** EXERCISE GOAL **
Search the records for the string "Wheel" and return each line that has it.

[Source data]

=== Begin Enclosure ===

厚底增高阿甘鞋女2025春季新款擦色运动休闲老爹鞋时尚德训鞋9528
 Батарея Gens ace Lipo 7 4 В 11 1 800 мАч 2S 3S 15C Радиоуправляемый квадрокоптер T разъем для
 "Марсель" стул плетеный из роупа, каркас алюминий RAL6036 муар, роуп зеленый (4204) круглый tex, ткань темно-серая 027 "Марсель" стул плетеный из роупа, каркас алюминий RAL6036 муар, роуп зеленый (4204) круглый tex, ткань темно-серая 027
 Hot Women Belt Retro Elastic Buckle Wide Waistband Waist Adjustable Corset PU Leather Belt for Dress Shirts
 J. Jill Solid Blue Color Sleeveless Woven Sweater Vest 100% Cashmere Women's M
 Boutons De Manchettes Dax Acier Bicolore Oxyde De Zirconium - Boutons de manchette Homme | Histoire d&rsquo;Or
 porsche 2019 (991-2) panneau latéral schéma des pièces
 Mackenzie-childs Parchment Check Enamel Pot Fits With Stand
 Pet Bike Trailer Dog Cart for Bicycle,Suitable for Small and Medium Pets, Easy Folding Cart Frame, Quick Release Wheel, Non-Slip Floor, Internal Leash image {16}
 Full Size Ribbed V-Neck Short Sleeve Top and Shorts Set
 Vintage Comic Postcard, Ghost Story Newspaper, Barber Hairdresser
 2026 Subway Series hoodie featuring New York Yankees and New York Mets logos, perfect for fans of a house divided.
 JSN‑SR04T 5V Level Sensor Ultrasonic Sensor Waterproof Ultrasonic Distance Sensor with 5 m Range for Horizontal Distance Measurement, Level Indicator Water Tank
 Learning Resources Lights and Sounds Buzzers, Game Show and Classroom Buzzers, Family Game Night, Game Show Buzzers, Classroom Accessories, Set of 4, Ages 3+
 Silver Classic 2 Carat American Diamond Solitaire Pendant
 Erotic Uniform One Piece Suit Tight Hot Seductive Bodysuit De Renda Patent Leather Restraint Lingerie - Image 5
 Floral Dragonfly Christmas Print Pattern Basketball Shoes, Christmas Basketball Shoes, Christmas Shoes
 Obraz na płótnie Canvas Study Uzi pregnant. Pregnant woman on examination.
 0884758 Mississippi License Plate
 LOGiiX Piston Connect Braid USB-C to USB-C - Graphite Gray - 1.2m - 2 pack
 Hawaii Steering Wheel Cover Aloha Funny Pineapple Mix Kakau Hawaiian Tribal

=== End Enclosure ===

** EXPECTED ANSWER **
 Pet Bike Trailer Dog Cart for Bicycle,Suitable for Small and Medium Pets, Easy Folding Cart Frame, Quick Release Wheel, Non-Slip Floor, Internal Leash image {16}
 Hawaii Steering Wheel Cover Aloha Funny Pineapple Mix Kakau Hawaiian Tribal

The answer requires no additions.